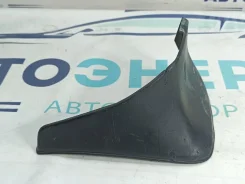 ��������� toyota corolla 2012 7662612580 150 1ZR FE, ������ ����� 7662612580 ����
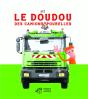 Le Doudou Des Camions Poubelles - Preview
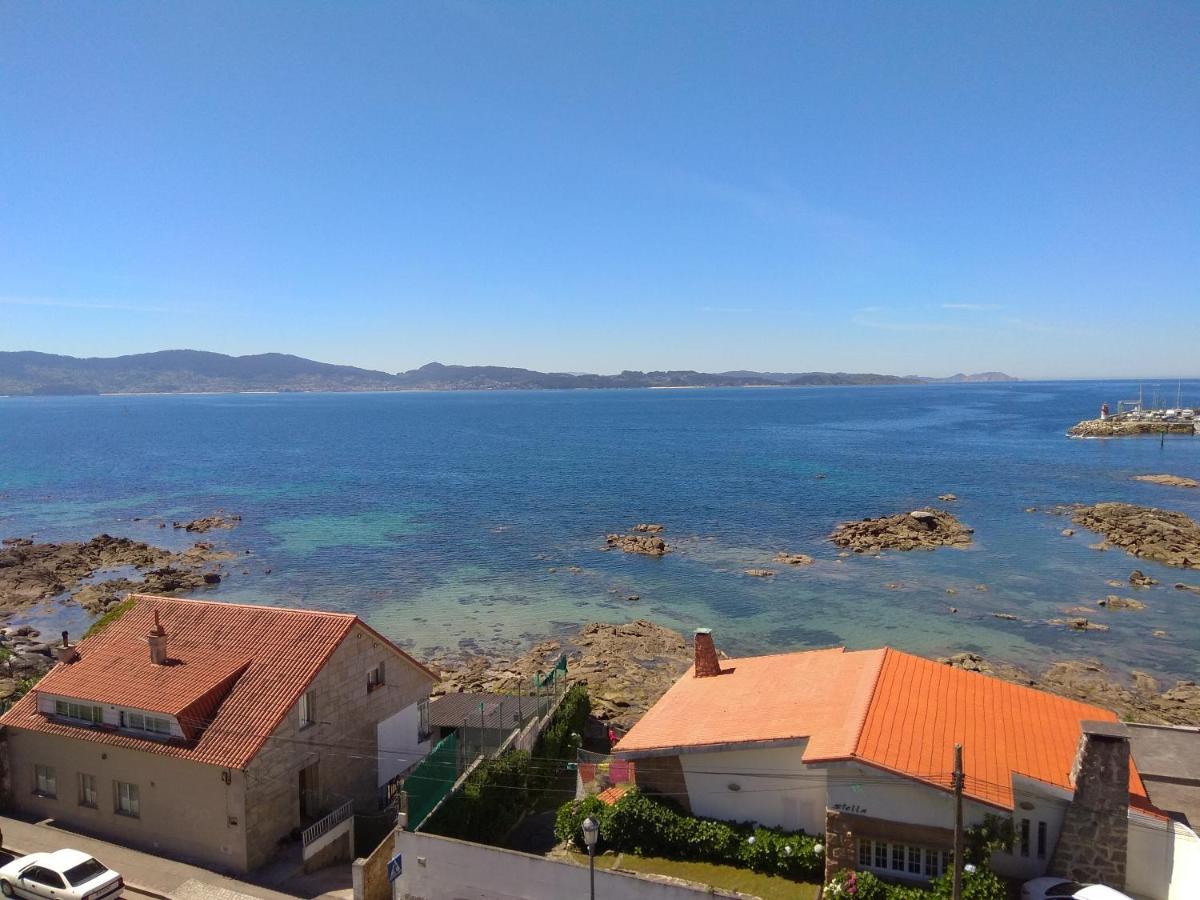 Carabuxeira Mar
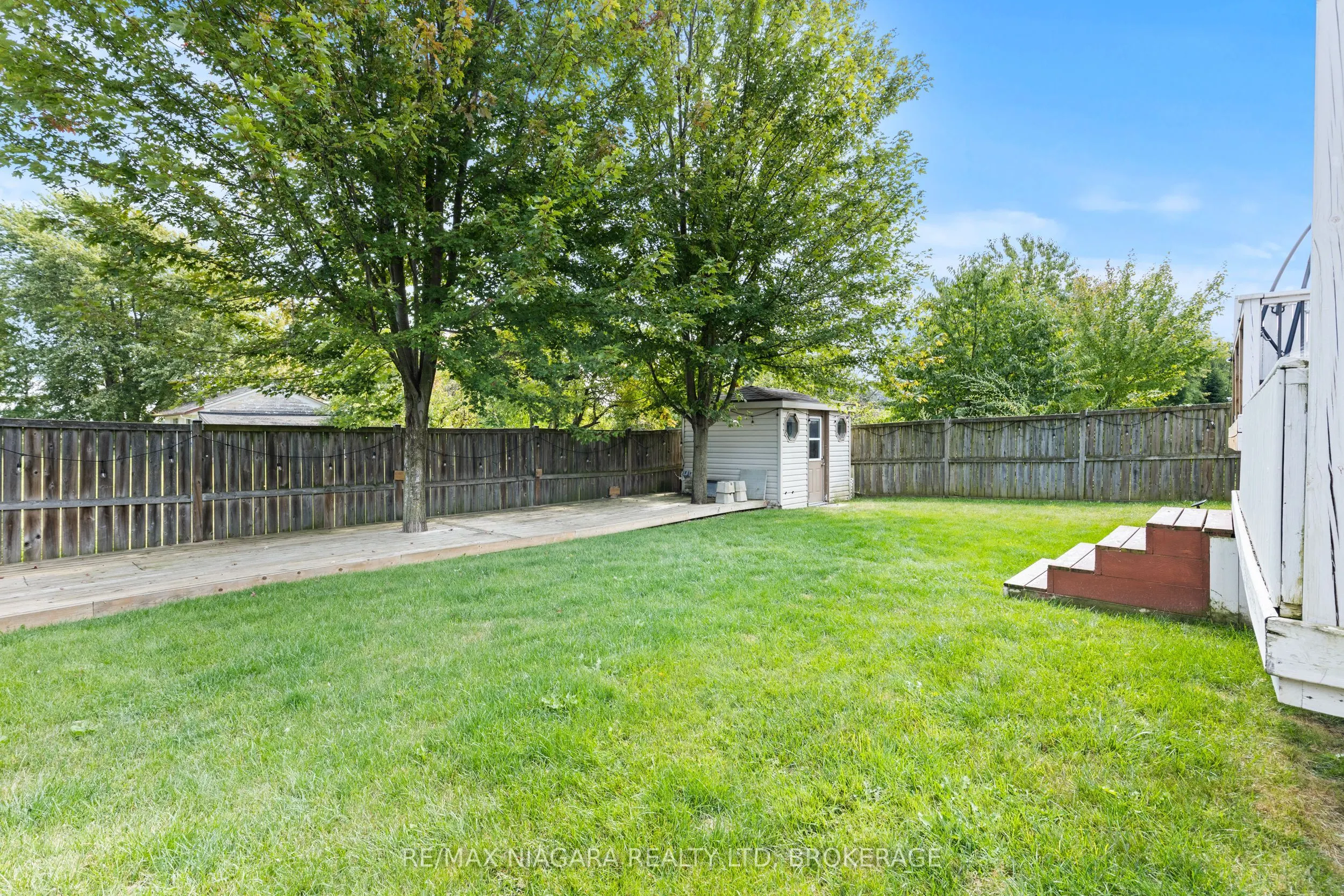 25 Bianca Drive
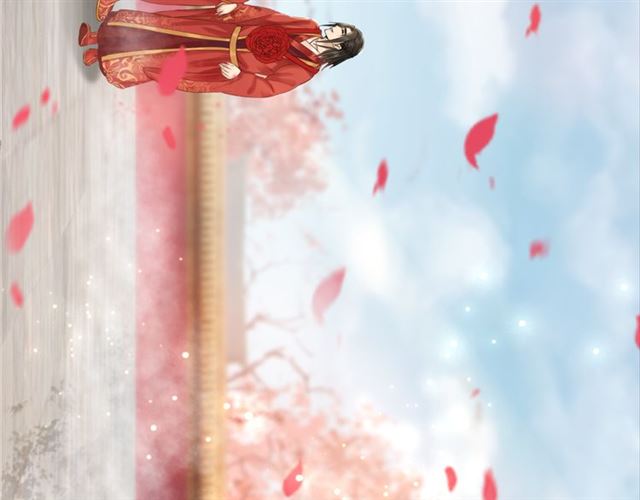 第115话 神秘的“新娘”89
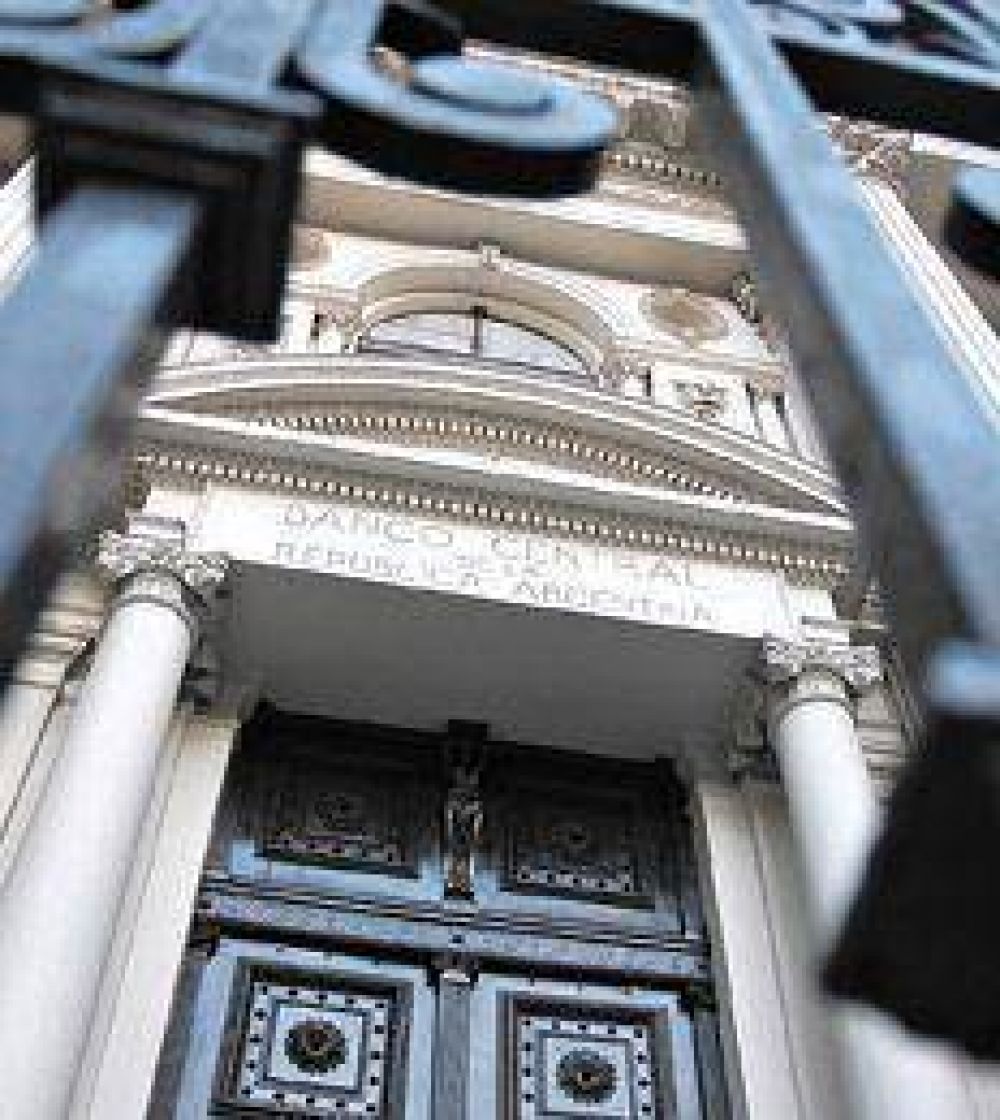 D�lar, reservas e intento de golpe de mercado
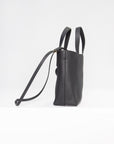 Shopper Ns Small, Black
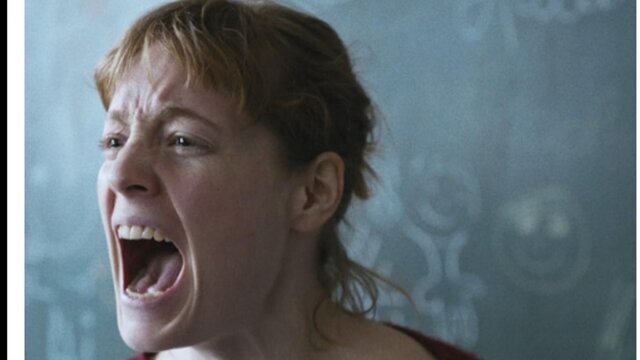 اتاق معلمان (آلمان)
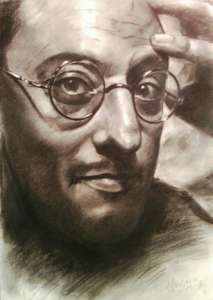 ������. - ����������� 1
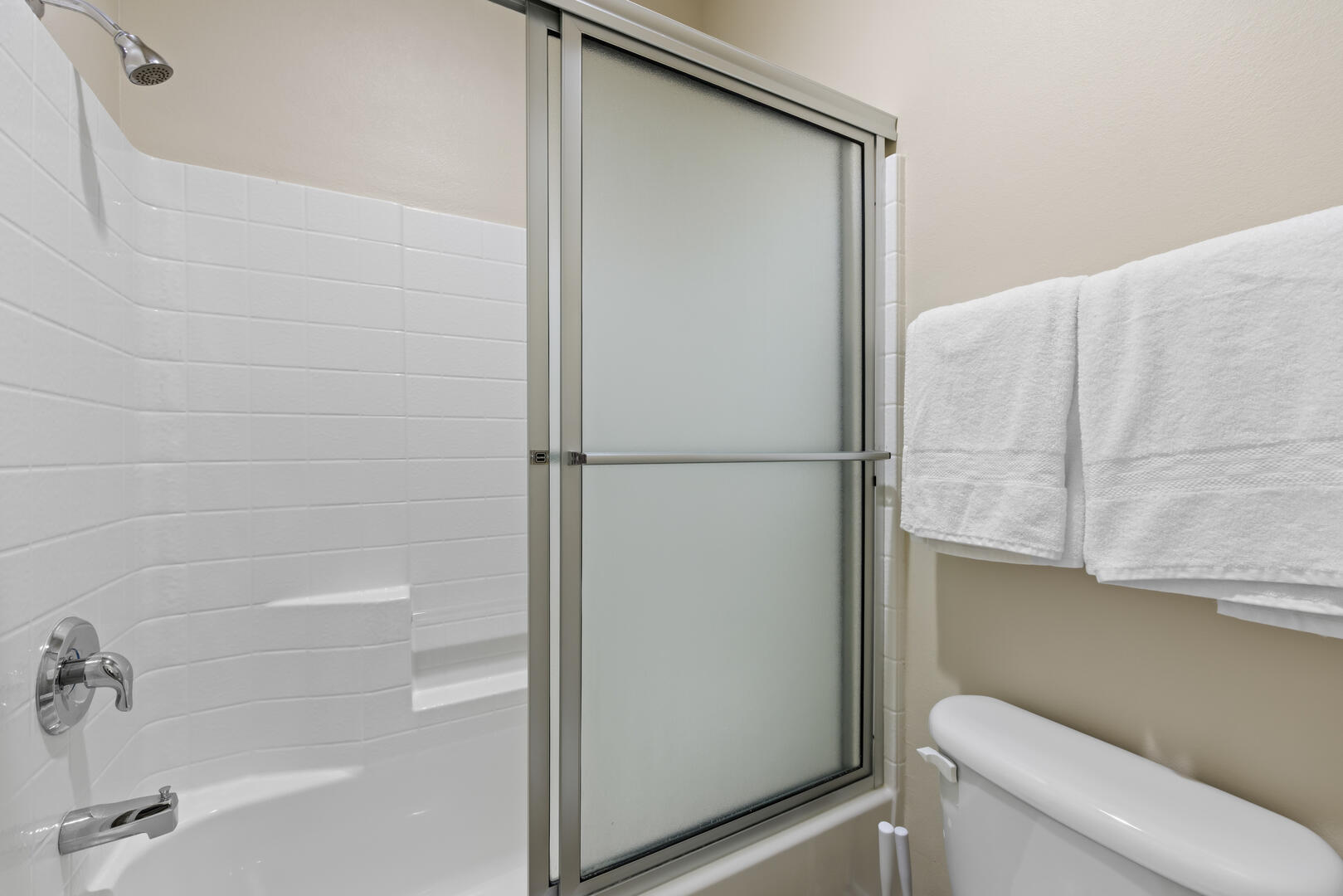 Par Paradise | Photo 31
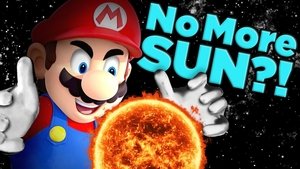 How Mario DESTROYED His World!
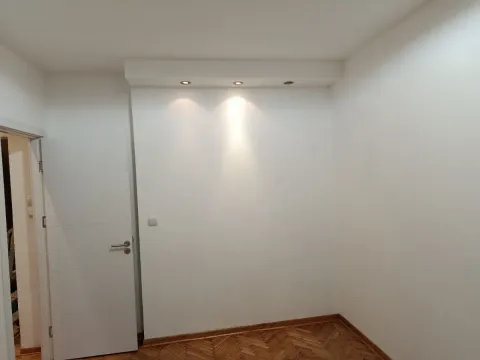 Prodaja, trosoban stan, 66m², Crveni Krst, Beograd - image 7
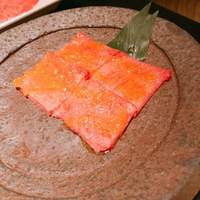 兜 麻布十番店 -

-- -- --

Exercise prompt
Return the records verbatim, minus pictures.

Solution to the exercise
 ��������� toyota corolla 2012 7662612580 150 1ZR FE, ������ ����� 7662612580 ����
 Le Doudou Des Camions Poubelles - Preview
 Carabuxeira Mar
 25 Bianca Drive
 第115话 神秘的“新娘”89
 D�lar, reservas e intento de golpe de mercado
 Shopper Ns Small, Black
 اتاق معلمان (آلمان)
 ������. - ����������� 1
 Par Paradise | Photo 31
 How Mario DESTROYED His World!
 Prodaja, trosoban stan, 66m², Crveni Krst, Beograd - image 7
 兜 麻布十番店 -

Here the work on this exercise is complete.